• EXERCISE REQUIREMENTS:
Pick out and copy every line below that has the word "Picture".

** Opening STORED DATA block **

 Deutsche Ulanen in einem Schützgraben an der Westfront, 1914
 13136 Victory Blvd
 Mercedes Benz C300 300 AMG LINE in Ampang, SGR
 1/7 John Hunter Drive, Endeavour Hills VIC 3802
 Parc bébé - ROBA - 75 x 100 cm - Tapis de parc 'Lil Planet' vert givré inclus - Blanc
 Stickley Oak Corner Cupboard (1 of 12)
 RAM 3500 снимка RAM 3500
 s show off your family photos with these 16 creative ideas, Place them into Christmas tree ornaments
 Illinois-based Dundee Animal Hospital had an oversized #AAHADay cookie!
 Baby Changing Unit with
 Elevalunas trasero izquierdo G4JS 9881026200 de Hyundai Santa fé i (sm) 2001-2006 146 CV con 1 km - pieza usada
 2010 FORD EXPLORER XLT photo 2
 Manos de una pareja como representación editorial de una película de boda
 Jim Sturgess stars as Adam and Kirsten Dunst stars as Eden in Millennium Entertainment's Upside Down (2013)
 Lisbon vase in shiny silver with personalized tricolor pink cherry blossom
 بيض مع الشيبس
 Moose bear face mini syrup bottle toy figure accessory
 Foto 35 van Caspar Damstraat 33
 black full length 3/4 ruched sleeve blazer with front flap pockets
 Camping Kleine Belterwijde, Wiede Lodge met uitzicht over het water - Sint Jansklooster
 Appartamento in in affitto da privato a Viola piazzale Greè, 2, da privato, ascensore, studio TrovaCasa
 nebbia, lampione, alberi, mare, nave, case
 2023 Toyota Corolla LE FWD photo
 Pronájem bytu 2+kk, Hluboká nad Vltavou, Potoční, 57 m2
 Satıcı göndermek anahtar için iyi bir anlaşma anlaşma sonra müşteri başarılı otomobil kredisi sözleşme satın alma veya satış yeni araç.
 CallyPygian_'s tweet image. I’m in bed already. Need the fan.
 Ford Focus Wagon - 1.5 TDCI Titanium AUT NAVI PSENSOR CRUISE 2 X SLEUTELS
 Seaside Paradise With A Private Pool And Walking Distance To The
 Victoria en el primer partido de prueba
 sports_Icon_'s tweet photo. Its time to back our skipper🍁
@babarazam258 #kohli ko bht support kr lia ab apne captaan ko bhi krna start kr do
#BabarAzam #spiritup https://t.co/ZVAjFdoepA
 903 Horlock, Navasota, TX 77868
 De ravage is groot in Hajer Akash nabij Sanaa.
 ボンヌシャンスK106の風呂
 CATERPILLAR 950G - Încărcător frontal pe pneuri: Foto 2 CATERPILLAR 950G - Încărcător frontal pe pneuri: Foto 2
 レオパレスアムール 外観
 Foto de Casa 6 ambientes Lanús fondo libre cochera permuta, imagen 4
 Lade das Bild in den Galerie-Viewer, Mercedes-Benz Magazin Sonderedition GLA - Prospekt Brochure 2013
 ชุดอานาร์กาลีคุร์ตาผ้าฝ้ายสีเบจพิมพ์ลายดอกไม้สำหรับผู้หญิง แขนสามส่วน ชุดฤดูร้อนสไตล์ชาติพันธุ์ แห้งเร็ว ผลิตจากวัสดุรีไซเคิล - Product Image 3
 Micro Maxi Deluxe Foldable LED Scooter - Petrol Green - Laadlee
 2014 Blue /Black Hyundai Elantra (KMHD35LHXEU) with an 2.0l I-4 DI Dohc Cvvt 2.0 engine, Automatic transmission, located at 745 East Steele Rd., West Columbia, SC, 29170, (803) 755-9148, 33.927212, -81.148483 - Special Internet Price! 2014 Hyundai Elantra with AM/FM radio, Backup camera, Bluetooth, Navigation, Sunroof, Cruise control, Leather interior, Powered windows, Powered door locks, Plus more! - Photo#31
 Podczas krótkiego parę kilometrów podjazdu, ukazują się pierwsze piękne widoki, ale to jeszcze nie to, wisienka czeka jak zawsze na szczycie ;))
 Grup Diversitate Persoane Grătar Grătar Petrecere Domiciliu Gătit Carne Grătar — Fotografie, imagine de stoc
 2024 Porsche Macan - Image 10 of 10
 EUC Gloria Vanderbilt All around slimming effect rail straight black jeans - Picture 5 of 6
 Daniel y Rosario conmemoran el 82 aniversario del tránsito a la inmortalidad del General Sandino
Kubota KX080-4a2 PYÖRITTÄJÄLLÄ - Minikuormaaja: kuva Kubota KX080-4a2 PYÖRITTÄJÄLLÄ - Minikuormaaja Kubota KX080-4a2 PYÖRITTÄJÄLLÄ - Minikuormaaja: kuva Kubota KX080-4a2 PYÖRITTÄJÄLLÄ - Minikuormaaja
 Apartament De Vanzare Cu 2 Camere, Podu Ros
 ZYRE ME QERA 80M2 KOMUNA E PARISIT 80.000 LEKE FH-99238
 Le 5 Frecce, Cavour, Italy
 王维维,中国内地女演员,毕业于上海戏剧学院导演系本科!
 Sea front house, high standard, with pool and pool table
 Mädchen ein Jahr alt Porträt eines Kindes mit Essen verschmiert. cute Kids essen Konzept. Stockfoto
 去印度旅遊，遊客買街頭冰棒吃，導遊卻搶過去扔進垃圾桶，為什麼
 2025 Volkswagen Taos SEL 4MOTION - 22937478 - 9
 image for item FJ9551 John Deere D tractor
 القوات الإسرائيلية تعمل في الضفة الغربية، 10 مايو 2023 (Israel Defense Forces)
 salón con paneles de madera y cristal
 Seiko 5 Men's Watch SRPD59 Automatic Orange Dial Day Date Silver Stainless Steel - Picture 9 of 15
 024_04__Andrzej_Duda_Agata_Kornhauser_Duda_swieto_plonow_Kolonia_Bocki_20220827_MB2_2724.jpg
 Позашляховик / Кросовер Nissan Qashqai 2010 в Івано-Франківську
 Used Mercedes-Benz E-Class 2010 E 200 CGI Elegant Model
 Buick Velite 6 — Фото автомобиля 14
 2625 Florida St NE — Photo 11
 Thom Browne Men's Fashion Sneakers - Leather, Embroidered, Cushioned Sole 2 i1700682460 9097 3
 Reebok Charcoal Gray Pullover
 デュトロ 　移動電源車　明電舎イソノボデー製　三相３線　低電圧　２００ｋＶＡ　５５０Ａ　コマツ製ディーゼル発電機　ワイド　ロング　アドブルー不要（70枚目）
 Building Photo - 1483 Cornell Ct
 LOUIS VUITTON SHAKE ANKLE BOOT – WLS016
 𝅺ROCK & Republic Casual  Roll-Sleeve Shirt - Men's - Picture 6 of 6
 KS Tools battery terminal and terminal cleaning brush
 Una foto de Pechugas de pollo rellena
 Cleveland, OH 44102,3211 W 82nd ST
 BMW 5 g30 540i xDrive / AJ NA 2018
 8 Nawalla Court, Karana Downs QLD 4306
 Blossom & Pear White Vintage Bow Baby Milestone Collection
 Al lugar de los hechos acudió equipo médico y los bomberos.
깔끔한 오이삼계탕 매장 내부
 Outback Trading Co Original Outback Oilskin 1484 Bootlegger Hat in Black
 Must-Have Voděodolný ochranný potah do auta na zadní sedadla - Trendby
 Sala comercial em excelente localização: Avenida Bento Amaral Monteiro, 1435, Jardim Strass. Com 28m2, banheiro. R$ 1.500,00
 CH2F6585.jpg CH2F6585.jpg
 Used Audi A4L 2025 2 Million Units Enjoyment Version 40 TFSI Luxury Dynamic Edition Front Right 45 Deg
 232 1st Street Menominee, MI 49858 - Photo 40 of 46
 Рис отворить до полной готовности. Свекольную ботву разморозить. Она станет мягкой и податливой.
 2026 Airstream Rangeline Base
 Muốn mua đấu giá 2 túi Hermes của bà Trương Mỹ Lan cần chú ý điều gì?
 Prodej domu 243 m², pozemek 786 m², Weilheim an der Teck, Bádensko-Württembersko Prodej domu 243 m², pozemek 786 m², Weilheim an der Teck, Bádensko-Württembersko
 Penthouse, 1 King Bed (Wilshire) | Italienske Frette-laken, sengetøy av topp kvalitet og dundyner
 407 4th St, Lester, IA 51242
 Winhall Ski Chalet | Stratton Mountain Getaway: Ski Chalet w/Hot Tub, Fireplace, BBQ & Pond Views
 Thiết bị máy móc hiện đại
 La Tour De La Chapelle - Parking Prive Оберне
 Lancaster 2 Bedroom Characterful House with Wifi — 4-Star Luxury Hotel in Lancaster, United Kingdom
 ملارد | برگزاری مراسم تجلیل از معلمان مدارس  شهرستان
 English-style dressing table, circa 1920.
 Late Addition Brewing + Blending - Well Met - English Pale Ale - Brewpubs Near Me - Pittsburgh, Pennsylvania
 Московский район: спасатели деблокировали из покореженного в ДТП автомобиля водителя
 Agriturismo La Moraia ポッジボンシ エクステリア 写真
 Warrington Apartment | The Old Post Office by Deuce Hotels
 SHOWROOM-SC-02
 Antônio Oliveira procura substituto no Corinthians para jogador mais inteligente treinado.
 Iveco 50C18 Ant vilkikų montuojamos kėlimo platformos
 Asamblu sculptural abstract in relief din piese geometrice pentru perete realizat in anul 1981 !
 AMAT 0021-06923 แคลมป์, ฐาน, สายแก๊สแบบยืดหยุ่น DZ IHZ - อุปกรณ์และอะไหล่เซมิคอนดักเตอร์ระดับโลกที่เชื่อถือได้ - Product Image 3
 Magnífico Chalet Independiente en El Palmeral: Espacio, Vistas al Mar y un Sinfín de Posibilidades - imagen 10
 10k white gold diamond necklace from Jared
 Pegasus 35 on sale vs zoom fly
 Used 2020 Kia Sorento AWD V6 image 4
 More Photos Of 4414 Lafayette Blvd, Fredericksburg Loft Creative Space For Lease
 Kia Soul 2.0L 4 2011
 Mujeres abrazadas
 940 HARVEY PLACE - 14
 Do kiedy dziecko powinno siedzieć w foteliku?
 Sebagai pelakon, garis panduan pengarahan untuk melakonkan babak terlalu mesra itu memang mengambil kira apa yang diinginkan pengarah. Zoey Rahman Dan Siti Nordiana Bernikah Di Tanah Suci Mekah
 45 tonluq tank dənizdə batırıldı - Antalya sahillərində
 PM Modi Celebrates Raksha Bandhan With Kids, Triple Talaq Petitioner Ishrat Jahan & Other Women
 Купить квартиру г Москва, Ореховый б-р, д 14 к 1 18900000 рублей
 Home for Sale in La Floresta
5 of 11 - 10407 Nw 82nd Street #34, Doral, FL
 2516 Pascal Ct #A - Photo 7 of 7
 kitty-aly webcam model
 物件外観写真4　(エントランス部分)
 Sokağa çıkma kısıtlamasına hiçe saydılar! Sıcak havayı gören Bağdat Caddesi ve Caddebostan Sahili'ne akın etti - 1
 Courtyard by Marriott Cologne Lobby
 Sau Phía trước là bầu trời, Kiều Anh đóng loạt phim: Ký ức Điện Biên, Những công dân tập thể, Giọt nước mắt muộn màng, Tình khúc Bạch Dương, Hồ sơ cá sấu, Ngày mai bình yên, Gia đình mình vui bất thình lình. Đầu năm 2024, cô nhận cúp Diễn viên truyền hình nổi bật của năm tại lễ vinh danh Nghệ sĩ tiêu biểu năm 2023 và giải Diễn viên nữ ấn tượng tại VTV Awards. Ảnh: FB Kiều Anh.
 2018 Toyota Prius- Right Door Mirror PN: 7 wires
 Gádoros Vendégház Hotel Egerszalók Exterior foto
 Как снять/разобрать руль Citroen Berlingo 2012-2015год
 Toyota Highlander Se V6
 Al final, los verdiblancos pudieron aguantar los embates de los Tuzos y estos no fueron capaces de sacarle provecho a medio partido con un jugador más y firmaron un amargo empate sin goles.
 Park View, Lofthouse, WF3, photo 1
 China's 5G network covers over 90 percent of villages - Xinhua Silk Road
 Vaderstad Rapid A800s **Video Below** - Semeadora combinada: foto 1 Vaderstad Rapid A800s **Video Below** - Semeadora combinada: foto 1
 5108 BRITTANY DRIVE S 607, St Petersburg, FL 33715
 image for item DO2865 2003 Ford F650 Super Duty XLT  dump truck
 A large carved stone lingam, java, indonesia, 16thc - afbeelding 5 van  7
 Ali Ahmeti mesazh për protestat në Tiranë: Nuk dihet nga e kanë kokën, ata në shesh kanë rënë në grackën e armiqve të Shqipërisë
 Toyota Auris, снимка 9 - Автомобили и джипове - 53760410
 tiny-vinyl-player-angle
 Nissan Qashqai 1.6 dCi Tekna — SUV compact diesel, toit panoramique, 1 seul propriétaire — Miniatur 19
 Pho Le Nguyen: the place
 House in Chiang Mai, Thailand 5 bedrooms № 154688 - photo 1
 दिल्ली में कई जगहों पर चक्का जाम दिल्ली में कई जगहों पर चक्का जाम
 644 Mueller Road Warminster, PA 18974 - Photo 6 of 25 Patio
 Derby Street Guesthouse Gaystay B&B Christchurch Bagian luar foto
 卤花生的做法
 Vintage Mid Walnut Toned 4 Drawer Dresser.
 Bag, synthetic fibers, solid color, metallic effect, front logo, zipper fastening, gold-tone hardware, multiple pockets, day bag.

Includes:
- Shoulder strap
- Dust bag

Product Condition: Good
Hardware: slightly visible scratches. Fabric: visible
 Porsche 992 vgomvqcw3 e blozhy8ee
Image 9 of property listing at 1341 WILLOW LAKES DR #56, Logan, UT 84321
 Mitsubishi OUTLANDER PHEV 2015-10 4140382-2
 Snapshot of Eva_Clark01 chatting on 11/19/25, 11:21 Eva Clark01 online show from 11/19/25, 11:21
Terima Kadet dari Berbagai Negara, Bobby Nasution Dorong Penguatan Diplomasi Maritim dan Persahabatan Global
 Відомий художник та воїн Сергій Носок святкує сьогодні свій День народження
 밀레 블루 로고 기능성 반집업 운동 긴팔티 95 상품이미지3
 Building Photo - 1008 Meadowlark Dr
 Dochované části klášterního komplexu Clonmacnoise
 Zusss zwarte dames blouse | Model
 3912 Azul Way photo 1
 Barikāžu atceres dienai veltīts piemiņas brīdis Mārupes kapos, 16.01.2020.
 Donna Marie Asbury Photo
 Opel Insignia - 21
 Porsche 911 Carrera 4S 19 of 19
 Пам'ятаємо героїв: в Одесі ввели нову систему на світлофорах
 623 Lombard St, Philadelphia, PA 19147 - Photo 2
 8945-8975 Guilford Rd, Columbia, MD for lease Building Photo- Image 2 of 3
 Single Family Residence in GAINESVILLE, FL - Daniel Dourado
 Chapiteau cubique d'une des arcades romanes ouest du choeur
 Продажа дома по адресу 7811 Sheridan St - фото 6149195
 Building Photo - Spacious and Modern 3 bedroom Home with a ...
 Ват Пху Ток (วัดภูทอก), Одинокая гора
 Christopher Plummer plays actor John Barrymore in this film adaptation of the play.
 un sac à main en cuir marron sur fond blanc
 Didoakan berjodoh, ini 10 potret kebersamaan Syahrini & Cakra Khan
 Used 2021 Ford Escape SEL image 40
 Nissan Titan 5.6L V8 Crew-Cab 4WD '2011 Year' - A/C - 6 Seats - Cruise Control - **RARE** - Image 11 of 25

** Closing STORED DATA block **

• ANSWER SPACE:
 EUC Gloria Vanderbilt All around slimming effect rail straight black jeans - Picture 5 of 6
 Seiko 5 Men's Watch SRPD59 Automatic Orange Dial Day Date Silver Stainless Steel - Picture 9 of 15
 𝅺ROCK & Republic Casual  Roll-Sleeve Shirt - Men's - Picture 6 of 6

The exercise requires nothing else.